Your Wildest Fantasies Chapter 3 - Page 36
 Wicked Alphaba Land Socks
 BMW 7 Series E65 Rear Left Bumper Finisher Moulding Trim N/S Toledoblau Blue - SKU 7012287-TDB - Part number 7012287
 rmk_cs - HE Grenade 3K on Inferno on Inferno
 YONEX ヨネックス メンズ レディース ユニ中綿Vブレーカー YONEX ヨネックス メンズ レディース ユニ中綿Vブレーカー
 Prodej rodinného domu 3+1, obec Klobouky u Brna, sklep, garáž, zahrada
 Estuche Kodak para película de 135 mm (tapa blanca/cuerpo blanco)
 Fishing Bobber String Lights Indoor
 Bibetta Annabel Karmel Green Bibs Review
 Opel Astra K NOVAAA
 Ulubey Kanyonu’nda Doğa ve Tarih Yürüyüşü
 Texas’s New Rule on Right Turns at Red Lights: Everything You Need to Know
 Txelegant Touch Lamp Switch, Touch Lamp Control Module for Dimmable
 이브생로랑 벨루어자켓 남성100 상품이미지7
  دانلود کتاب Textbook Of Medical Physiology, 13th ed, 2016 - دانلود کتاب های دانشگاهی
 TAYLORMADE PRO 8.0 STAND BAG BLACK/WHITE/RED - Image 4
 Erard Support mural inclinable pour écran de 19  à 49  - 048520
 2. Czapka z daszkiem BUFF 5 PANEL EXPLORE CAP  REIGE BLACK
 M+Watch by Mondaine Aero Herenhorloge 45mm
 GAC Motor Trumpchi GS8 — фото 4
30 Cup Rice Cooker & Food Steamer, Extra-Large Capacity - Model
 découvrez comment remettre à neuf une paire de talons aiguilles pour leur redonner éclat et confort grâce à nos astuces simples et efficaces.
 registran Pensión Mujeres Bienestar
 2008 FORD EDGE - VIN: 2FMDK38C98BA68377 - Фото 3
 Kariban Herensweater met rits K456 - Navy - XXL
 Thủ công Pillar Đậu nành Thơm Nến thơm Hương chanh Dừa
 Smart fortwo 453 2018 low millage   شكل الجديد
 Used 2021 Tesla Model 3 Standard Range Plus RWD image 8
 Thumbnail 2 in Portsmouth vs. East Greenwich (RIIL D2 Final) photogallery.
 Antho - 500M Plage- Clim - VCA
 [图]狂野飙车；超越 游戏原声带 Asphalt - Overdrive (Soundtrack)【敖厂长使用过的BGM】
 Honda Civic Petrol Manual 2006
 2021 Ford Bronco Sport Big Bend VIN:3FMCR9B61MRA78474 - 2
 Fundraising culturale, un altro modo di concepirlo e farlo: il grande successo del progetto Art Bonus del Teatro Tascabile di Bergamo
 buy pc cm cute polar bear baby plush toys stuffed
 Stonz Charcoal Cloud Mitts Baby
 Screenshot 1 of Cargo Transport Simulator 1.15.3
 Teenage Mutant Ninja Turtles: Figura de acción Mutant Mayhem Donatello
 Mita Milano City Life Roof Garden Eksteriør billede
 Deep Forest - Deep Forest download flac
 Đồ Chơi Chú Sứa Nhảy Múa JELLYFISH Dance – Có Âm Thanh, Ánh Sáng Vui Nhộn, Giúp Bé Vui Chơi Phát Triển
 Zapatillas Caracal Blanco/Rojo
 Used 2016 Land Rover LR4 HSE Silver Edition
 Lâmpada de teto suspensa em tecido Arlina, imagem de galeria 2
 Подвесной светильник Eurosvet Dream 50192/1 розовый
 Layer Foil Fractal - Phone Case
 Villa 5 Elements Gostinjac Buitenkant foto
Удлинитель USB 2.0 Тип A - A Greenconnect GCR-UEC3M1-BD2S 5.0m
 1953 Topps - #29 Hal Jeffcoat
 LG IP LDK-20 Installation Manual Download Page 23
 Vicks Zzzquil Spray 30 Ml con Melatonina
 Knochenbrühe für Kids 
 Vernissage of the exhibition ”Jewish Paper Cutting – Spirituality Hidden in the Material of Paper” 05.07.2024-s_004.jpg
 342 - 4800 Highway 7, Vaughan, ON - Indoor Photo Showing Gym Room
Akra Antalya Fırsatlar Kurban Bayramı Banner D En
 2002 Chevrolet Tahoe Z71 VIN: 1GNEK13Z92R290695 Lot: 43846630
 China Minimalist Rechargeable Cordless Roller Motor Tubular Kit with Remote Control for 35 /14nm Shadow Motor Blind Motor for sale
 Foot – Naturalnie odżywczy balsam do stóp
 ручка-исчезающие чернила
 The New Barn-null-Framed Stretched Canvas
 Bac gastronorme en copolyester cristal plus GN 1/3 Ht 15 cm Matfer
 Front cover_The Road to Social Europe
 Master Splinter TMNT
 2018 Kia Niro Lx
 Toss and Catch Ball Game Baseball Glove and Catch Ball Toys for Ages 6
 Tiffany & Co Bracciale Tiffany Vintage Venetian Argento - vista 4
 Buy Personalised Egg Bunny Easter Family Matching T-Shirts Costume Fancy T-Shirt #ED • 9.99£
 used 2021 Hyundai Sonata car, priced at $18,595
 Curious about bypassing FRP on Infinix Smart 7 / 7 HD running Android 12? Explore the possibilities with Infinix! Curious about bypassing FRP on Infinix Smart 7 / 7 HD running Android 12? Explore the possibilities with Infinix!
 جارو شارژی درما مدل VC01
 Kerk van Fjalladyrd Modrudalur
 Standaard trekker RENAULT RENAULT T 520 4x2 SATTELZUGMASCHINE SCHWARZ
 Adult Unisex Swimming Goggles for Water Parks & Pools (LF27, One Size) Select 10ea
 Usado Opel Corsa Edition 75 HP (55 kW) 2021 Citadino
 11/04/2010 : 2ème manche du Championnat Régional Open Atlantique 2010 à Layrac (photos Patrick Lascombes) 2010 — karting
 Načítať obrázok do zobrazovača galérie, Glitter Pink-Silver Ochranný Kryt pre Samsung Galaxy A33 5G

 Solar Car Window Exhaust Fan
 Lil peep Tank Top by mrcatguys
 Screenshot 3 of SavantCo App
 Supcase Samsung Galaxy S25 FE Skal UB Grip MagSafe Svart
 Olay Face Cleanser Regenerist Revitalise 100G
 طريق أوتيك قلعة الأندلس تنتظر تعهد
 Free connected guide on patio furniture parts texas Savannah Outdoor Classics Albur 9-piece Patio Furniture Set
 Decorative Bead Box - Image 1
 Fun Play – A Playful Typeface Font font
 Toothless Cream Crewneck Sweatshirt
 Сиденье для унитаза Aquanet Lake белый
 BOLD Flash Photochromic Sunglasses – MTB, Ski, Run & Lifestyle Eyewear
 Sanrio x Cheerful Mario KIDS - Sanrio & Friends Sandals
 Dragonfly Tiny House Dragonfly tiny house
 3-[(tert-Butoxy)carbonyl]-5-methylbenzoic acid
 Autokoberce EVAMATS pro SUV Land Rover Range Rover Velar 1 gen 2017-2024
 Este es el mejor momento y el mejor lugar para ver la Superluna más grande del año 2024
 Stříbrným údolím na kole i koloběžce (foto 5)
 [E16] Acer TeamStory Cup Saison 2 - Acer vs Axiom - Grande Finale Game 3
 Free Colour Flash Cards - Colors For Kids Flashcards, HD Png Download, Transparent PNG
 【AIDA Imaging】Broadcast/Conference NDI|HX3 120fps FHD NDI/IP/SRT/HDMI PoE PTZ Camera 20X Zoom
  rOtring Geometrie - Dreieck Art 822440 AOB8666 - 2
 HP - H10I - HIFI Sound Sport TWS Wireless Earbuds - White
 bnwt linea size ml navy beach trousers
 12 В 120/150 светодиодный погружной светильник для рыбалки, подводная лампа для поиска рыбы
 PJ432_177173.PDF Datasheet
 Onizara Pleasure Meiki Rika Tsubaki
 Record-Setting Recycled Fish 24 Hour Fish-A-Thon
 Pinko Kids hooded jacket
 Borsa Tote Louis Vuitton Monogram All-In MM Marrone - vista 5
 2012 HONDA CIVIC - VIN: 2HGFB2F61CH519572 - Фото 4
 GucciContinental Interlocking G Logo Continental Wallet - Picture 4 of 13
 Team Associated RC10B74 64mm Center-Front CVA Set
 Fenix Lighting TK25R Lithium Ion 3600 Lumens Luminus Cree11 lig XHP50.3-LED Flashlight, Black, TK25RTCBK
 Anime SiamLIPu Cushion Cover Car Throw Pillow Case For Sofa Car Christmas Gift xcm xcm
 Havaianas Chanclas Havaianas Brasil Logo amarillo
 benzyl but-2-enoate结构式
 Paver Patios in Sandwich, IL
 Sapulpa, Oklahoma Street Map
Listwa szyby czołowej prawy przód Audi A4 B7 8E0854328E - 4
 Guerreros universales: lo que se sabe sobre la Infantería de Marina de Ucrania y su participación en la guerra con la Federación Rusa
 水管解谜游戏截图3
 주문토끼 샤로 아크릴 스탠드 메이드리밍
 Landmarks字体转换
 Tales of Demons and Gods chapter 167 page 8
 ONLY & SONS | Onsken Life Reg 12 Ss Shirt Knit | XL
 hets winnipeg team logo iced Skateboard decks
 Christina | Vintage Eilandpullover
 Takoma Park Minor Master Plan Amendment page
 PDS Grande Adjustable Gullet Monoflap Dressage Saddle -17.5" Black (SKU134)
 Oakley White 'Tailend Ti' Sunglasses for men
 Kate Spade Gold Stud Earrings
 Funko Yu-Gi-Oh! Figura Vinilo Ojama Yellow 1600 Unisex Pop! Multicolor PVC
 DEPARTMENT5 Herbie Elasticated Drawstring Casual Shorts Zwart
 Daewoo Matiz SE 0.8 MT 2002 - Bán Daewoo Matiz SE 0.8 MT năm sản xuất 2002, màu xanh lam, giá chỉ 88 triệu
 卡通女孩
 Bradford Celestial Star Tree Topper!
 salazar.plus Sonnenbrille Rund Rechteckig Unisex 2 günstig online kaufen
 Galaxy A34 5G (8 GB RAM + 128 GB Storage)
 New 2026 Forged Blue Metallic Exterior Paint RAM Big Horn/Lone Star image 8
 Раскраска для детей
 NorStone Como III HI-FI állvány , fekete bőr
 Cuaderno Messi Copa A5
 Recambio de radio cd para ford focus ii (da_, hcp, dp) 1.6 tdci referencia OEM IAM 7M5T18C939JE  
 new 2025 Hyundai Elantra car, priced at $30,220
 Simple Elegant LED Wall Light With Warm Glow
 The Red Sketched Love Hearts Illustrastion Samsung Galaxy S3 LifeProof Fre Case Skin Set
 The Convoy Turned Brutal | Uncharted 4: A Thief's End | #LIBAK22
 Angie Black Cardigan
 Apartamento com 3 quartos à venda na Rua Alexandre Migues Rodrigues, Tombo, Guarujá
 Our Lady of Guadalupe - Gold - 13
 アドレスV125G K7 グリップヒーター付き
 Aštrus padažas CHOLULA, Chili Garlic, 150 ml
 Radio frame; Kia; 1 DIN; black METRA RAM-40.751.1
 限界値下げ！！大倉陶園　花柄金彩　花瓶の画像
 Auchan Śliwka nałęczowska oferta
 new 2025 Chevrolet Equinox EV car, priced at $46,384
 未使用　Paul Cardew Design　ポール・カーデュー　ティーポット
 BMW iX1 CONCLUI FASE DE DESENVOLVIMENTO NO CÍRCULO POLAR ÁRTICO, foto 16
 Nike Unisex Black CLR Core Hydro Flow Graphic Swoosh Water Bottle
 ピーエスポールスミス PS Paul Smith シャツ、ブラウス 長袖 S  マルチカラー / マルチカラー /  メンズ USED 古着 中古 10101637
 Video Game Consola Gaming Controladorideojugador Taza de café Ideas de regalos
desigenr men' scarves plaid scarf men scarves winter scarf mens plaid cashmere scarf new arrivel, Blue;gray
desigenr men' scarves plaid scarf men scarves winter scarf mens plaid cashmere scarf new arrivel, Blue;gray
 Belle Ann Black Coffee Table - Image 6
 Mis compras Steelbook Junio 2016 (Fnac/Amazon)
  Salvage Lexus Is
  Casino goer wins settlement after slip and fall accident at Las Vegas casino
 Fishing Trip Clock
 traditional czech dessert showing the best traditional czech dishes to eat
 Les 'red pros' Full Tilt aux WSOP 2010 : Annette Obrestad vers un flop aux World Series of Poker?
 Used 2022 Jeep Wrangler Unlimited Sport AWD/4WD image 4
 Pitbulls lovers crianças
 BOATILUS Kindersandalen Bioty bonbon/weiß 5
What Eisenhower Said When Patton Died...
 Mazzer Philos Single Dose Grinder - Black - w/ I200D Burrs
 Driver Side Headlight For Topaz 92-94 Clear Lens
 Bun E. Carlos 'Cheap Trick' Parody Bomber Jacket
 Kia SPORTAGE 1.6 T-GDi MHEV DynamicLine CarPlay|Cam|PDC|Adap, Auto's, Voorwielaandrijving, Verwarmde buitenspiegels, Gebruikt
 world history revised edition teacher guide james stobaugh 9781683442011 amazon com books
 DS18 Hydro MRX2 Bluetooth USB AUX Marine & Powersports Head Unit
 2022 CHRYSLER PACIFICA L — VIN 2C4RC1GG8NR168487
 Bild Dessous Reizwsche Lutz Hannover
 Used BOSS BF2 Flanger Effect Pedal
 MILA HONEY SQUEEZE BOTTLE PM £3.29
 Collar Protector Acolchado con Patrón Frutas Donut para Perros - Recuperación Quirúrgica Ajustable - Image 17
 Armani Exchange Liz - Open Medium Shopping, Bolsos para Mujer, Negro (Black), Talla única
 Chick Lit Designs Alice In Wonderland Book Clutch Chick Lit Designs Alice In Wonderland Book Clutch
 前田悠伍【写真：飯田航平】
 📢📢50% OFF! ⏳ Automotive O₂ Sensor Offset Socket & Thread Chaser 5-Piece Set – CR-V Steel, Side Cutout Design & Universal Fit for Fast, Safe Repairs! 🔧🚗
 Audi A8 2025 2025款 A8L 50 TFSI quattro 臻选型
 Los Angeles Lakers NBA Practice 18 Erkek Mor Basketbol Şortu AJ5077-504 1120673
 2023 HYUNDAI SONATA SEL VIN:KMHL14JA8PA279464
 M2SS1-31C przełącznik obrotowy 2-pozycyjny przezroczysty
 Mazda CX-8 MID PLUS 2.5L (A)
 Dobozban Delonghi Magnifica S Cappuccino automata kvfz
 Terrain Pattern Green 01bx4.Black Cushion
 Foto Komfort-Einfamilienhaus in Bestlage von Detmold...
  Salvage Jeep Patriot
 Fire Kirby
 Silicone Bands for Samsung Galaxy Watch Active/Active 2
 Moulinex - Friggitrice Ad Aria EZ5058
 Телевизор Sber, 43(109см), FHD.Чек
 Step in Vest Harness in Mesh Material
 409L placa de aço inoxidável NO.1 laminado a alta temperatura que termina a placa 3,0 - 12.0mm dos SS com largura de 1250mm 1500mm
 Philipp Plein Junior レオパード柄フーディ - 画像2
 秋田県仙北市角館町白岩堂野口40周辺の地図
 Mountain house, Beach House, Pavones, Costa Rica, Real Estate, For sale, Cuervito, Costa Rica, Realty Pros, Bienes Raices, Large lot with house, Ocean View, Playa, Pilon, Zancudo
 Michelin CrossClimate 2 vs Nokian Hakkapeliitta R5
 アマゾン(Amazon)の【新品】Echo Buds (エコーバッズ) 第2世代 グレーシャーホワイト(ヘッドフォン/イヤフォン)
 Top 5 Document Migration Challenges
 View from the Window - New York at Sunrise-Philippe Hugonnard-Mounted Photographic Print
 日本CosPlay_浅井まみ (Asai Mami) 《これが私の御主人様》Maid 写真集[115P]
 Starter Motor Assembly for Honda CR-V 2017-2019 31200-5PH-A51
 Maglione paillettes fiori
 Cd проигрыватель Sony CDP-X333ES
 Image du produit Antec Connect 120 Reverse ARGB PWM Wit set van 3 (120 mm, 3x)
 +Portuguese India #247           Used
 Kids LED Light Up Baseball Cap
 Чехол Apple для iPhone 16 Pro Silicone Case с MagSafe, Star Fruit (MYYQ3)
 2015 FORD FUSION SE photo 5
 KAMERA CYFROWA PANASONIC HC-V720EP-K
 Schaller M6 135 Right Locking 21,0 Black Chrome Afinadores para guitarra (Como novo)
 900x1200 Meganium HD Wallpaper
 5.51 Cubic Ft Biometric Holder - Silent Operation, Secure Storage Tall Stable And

= = = = = = =

== WORK INSTRUCTION ==
Copy out the lines above exactly, beginning at the one that contains "Mountain house, Beach" and ending at the one that contains "KAMERA CYFROWA PANASONIC HC-V720EP-K".

== SOLUTION TO THIS EXERCISE ==
 Mountain house, Beach House, Pavones, Costa Rica, Real Estate, For sale, Cuervito, Costa Rica, Realty Pros, Bienes Raices, Large lot with house, Ocean View, Playa, Pilon, Zancudo
 Michelin CrossClimate 2 vs Nokian Hakkapeliitta R5
 アマゾン(Amazon)の【新品】Echo Buds (エコーバッズ) 第2世代 グレーシャーホワイト(ヘッドフォン/イヤフォン)
 Top 5 Document Migration Challenges
 View from the Window - New York at Sunrise-Philippe Hugonnard-Mounted Photographic Print
 日本CosPlay_浅井まみ (Asai Mami) 《これが私の御主人様》Maid 写真集[115P]
 Starter Motor Assembly for Honda CR-V 2017-2019 31200-5PH-A51
 Maglione paillettes fiori
 Cd проигрыватель Sony CDP-X333ES
 Image du produit Antec Connect 120 Reverse ARGB PWM Wit set van 3 (120 mm, 3x)
 +Portuguese India #247           Used
 Kids LED Light Up Baseball Cap
 Чехол Apple для iPhone 16 Pro Silicone Case с MagSafe, Star Fruit (MYYQ3)
 2015 FORD FUSION SE photo 5
 KAMERA CYFROWA PANASONIC HC-V720EP-K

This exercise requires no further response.